This is why gelatin can be used as a substitute for bunny skin glue in
traditional gesso recipes.
Dik
This thread is all about quality of art materials. Ethics is an aspect
of quality.
We have a right to be concerned about the quality of our art.
We also have a right to be ethical in our choice of art materials and
foods we eat.
>It's even more complex than that. According to Grumbacher, you have to wait
for six months after applying the primer before it's safe to paint!
I got this information from the Grumbacher Web site in the discussion section.
"If you do choose to use an oil ground, please be advised that proper use of
such grounds include allowing the ground/primer to age for at least 6 months
after it is dry to the touch. <
Probably not a bad idea to wait six months, Tony. Better safe than sorry. But
an "oil ground" is completely different from an oil-based gesso. An oil ground
is lead white (titanium white these days) ground in oil. An old based gesso is
a traditional (hide glue/aqua based)) gesso saturated with a drying oil.
Dik
Actually, you have a right to consider for YOURSELF what you think ethical in
your
choice of art materials.
That's because if you are truly ethical, you shouldn't whine that when you
soak your brushes in oil, the bristle bends. Where do you think bristle comes
come? And what faith do you propose for the hogs who are shaved of their
bristle just to serve your art?
Let them eat cake?
Dik
Great retort Dik. Nothing gets my dander up
more than self-serving preachers who think
only the way they believe is the best for
everyone. And it's strange to me how many
people worry about "toxicity" and such in a
country where people are living longer than at
any time in history. If there's one single
answer to all of humankind's current woes,
it's a massive reduction in the number of
PEOPLE on this earth. I'll be leaving soon!
>That's not feasible for me because if I take the whole four- by
>eight-foot sheet home, I've got no saw to cut it accurately with. I'm
>just painting in my dining room and don't have workshop facilities at
>home.
Okay. Now I understand your plight.
You are a hobby artist and therefore
need only worry about those supplies
you can accomodate in an apartment.
I have been responding as if you were
a serious artist with a regular art
studio space.

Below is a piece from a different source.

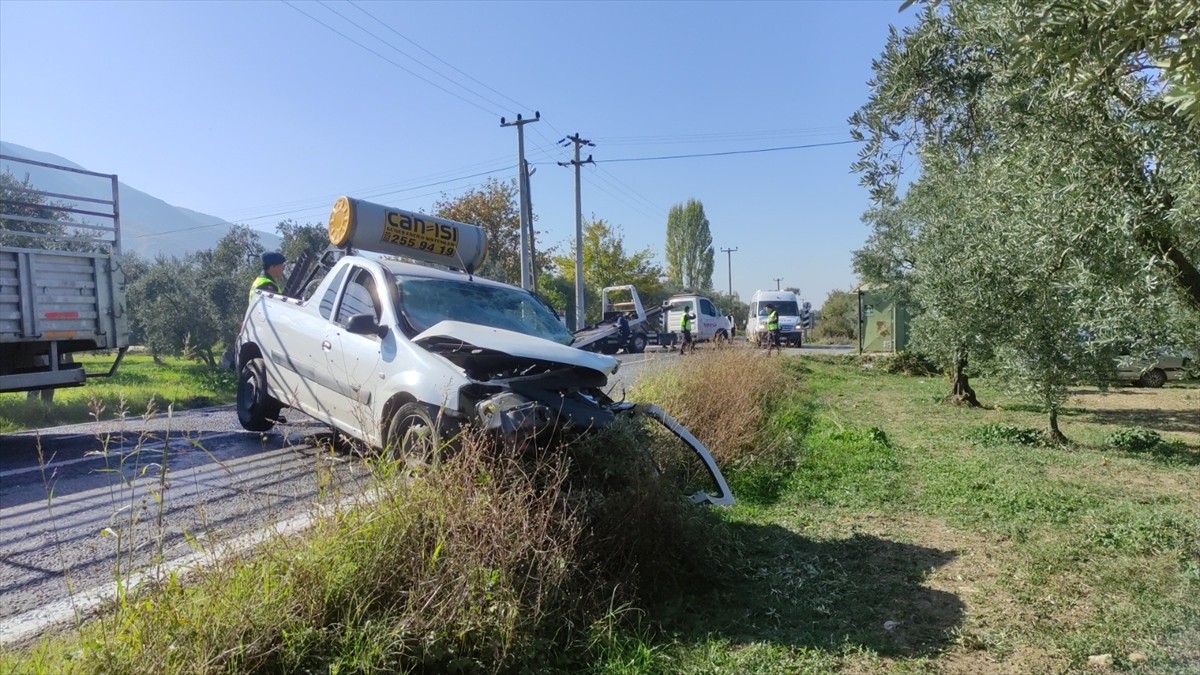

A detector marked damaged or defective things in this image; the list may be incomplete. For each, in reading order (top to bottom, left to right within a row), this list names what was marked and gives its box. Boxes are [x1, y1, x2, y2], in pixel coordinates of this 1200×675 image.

crashed white pickup truck [237, 198, 732, 504]
crumpled hood [412, 320, 620, 378]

Sorry for the misunderstanding.
What I meant was that we are all free to discuss on this newsgroup what
we consider to be quality art materials and ethical art materials, since
this is a fine art newsgroup.
A variety of opinions have been expressed in this thread about the
methods and materials used for panels and canvasses, and each person has
contributed according to his or her own perspective.
I've done the same thing here regarding the ethics of the use of art
materials, and there's nothing wrong with that and it's not incosistent
with the fact that others in this thread have expressed ideas that some
of the readers might not have considered, and therefore might find useful.

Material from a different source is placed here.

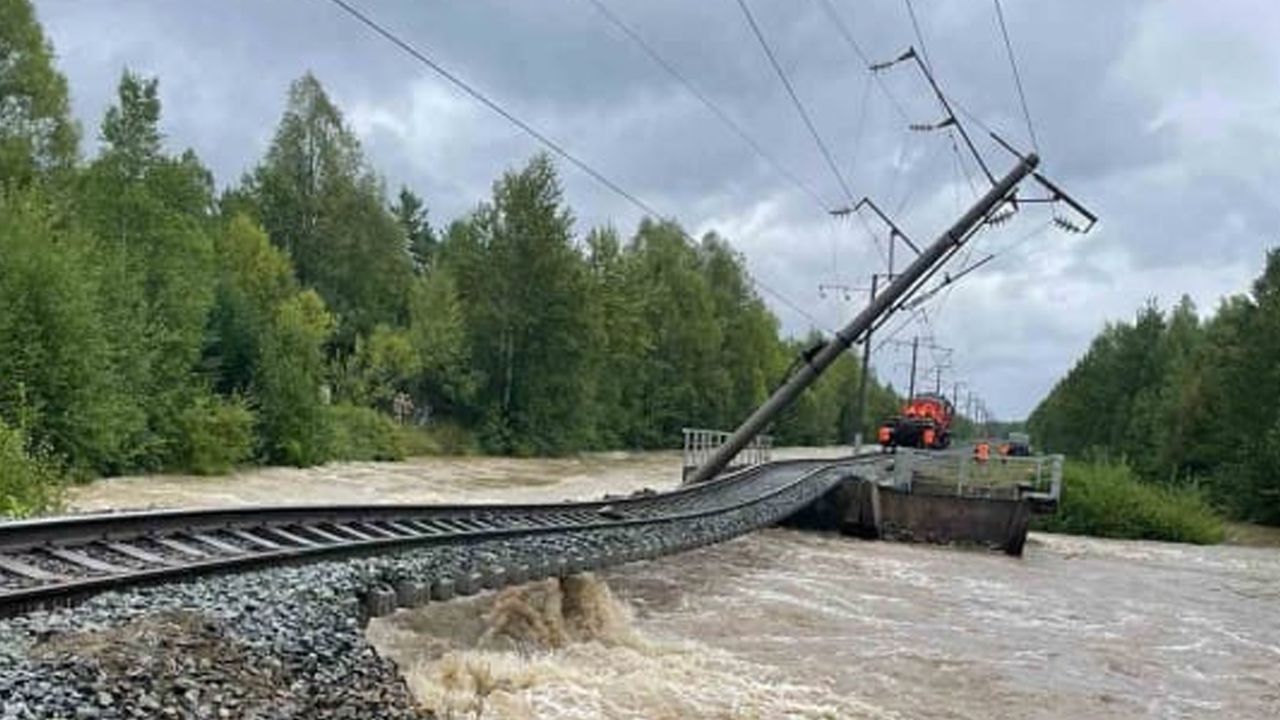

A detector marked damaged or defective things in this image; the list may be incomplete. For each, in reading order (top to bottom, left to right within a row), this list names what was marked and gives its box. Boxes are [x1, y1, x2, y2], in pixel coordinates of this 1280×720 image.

bent rail [0, 453, 880, 617]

> That's because if you are truly ethical, you shouldn't whine that when you
> soak your brushes in oil, the bristle bends. Where do you think bristle comes
> come? And what faith do you propose for the hogs who are shaved of their
> bristle just to serve your art?
>
> Let them eat cake?
>
> Dik
I use synthetic brushes.
Brushes and canvasses are different anyway, because properly cared-for
brushes can last for decades, whereas rabbit skin glue is used only once
in a canvas and the artist has to keep buying more glue, so the use of
hogs in brushes is more efficient (as long as the artist knows how to
care for the brushes so he or she doesn't have to replace them frequently.)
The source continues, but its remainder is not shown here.